Task to complete — Nothing but the lines from the start of the records below through the line that has "Девочка после эвакуации" should appear, each exactly as given.

Stored dataset items:
++++++++++++++++++++
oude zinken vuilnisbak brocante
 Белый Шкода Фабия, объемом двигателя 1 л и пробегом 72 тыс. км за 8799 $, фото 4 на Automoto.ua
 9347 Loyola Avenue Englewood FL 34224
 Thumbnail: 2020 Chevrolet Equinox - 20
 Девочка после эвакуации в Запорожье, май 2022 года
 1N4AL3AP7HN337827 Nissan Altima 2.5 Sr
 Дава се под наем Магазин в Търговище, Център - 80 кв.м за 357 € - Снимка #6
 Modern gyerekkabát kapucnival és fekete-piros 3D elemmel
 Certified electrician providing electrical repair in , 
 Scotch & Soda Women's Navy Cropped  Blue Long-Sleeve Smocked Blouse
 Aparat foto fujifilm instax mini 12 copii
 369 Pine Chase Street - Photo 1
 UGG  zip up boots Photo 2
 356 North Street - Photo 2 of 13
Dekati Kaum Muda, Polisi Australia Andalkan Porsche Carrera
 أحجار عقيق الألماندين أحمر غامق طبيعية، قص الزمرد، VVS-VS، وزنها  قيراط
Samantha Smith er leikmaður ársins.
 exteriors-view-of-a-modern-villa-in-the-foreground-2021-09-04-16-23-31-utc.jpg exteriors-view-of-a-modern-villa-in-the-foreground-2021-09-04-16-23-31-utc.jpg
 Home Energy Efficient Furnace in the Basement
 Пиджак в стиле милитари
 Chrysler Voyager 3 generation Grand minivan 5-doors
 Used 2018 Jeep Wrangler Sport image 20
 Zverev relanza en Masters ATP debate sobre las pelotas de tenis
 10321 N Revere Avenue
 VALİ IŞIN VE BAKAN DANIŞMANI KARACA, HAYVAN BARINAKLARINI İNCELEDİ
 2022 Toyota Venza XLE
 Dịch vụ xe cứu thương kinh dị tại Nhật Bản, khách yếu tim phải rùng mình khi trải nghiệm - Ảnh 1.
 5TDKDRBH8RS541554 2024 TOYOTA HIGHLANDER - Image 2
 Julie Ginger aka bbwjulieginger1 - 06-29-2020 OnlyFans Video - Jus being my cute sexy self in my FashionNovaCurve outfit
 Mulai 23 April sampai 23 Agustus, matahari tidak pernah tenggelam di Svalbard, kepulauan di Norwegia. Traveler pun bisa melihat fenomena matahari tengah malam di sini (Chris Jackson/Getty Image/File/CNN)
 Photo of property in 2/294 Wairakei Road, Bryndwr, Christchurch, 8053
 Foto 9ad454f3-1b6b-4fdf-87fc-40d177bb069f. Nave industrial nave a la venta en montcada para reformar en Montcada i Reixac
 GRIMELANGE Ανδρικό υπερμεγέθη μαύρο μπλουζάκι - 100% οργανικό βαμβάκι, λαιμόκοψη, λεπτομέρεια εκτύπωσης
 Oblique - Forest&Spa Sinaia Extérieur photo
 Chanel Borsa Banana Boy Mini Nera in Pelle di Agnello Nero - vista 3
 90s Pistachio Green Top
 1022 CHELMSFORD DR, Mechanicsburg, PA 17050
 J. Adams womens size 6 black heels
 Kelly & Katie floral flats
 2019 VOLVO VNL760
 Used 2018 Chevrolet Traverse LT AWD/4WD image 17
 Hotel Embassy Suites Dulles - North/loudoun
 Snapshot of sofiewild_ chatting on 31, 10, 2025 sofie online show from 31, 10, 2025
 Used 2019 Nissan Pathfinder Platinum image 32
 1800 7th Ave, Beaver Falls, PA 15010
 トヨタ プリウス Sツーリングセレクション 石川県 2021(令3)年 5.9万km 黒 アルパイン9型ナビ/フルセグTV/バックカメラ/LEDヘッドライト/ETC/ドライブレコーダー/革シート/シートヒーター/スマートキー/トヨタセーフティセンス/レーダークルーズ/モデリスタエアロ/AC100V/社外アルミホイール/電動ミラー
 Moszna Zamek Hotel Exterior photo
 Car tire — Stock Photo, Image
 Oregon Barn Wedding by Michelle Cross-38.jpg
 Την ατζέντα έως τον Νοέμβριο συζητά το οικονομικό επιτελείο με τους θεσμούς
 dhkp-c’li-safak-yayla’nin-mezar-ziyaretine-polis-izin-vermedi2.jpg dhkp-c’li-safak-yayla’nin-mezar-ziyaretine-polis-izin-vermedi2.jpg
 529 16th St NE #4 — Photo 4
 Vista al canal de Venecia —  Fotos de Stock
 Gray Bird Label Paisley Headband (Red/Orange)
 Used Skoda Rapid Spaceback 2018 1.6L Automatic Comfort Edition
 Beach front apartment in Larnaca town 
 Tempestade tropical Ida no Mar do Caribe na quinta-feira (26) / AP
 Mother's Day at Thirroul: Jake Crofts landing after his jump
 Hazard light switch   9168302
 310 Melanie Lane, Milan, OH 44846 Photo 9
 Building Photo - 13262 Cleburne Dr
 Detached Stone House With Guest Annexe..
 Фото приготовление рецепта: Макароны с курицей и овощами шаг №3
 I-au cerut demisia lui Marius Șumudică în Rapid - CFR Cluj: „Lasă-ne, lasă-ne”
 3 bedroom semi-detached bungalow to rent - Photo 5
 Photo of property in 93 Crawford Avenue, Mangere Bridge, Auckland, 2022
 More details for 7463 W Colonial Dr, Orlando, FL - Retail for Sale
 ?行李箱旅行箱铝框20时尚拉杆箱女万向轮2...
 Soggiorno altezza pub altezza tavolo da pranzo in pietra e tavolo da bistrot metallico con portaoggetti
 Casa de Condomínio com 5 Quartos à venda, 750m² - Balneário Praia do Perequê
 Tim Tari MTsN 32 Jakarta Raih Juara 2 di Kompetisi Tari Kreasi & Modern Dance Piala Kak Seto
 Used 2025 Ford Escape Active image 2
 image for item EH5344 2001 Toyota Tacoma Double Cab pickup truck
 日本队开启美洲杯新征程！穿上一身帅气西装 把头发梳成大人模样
++++++++++++++++++++
Result of this task —
oude zinken vuilnisbak brocante
 Белый Шкода Фабия, объемом двигателя 1 л и пробегом 72 тыс. км за 8799 $, фото 4 на Automoto.ua
 9347 Loyola Avenue Englewood FL 34224
 Thumbnail: 2020 Chevrolet Equinox - 20
 Девочка после эвакуации в Запорожье, май 2022 года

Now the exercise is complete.